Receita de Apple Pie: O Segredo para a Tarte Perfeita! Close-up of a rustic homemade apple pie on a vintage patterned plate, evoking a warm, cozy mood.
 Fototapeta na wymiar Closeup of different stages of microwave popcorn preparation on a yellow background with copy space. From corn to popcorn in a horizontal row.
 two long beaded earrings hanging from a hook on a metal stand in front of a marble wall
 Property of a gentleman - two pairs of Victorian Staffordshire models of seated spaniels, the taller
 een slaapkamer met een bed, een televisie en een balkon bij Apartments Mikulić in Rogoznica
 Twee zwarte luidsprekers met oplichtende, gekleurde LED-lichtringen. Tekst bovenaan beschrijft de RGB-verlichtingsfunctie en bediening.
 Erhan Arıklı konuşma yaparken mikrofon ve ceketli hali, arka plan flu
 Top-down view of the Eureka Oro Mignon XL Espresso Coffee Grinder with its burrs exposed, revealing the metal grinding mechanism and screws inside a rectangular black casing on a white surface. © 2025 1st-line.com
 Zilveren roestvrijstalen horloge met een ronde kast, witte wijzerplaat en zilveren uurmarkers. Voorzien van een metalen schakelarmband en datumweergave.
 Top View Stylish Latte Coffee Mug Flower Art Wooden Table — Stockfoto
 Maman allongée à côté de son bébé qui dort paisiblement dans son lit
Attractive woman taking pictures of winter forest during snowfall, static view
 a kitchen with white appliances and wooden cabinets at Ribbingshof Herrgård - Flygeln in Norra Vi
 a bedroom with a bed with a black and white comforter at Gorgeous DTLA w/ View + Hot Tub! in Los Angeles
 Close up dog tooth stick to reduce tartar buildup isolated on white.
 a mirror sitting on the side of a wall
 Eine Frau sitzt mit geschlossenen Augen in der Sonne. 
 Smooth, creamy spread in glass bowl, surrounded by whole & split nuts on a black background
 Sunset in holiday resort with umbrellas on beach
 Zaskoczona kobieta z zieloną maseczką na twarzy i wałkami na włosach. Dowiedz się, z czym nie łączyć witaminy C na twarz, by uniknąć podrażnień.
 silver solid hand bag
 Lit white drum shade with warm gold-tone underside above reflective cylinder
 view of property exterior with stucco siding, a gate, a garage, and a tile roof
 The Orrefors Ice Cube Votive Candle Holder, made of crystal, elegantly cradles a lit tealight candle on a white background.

○ ○ ○ ○ ○ ○ ○

- Problem description
Repeat exactly the lines above from the line that contains "a mirror sitting on the side of a wall" through the end. Include both of these ends; leave out everything else.

- Task response
 a mirror sitting on the side of a wall
 Eine Frau sitzt mit geschlossenen Augen in der Sonne. 
 Smooth, creamy spread in glass bowl, surrounded by whole & split nuts on a black background
 Sunset in holiday resort with umbrellas on beach
 Zaskoczona kobieta z zieloną maseczką na twarzy i wałkami na włosach. Dowiedz się, z czym nie łączyć witaminy C na twarz, by uniknąć podrażnień.
 silver solid hand bag
 Lit white drum shade with warm gold-tone underside above reflective cylinder
 view of property exterior with stucco siding, a gate, a garage, and a tile roof
 The Orrefors Ice Cube Votive Candle Holder, made of crystal, elegantly cradles a lit tealight candle on a white background.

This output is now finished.